FrontPageAfrica has gathered that the CBL loan scheme which led to millions of Liberian dollars being pumped in the economy led to the depletion of the bank’s reserve of Liberian dollars and the bank is using the issue of replacing mutilated banknotes to print huge amount of Liberian dollars to get the reserve intact.
Beginning 2013, the Central Bank under the governorship of Dr.
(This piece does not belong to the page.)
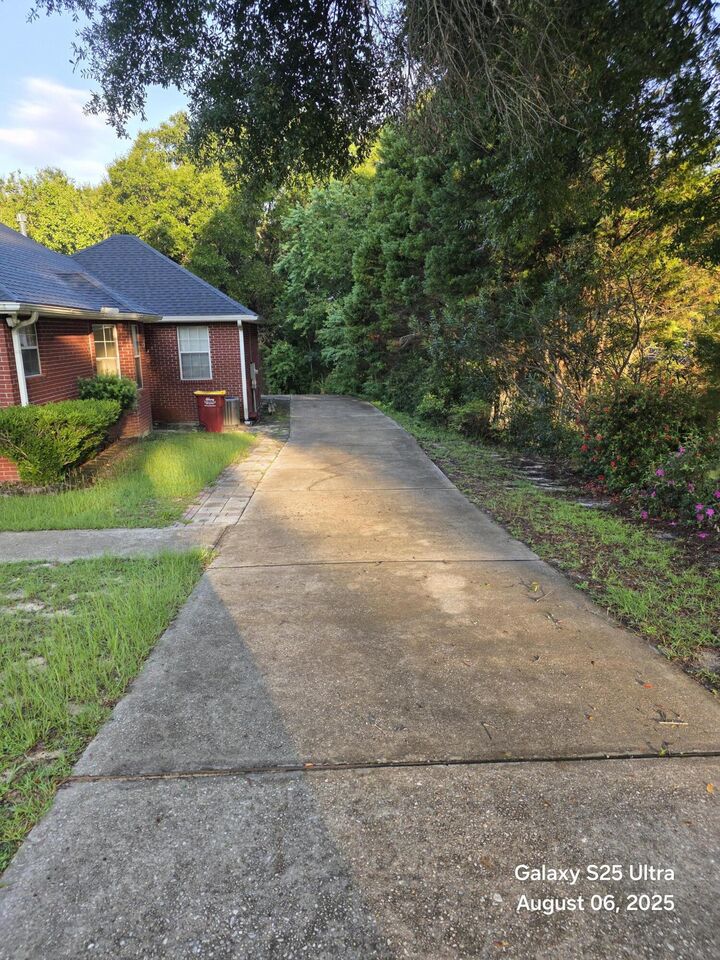 Property Photo: 127 Mohawk Trail FL 32536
J. Mills Jones pumped millions of Liberian dollars into the economy, giving loans to businesses; and up till date, the bank is yet to disclose the total amount of money given out in loans.
Repayment of these loans also remain unknown as former Governor Jones, who was considered “poverty Doctor” by some Liberians, is now a Presidential aspirant as he has accepted a petition to contest the Presidency in 2017.
One source indicated that the CBL is finding it difficult to recollect loans given to businesses because some of the loans were made without proper records.
Governor Jones, during his tenure, said he had no regret giving out loans to empower Liberians but the trend of his loan scheme which was characterized by printing of t-shirts with his picture and other elaborate programs in places he visited led to suspicion that he was using the loan program to push his political agenda.
Not long Jones tenure ended and he is now fully in politics and has accepted a petition from some Liberians to contest the presidency.
Many are watching to see what actions the legislature will take to ensure the CBL provides clearer information about the amount of damaged Liberian dollars to be replaced, how much new banknotes are being printed and why the change in features-color, size and how the newly printed banknotes will be used simultaneously along with the existing banknotes.
Article 34 (b) of the constitution gives the legislature the power to levy taxes, duties, imports, exercise and other revenues, to borrow money, issue currency, mint coins, and to make appropriations for the fiscal governance of the Republic, subject to the following qualifications: which includes; all revenue bills, whether subsidies, charges, imports, duties or taxes, and other financial bills, shall originate in the House of Representatives, but the Senate may propose or concur with amendments as on other bills.”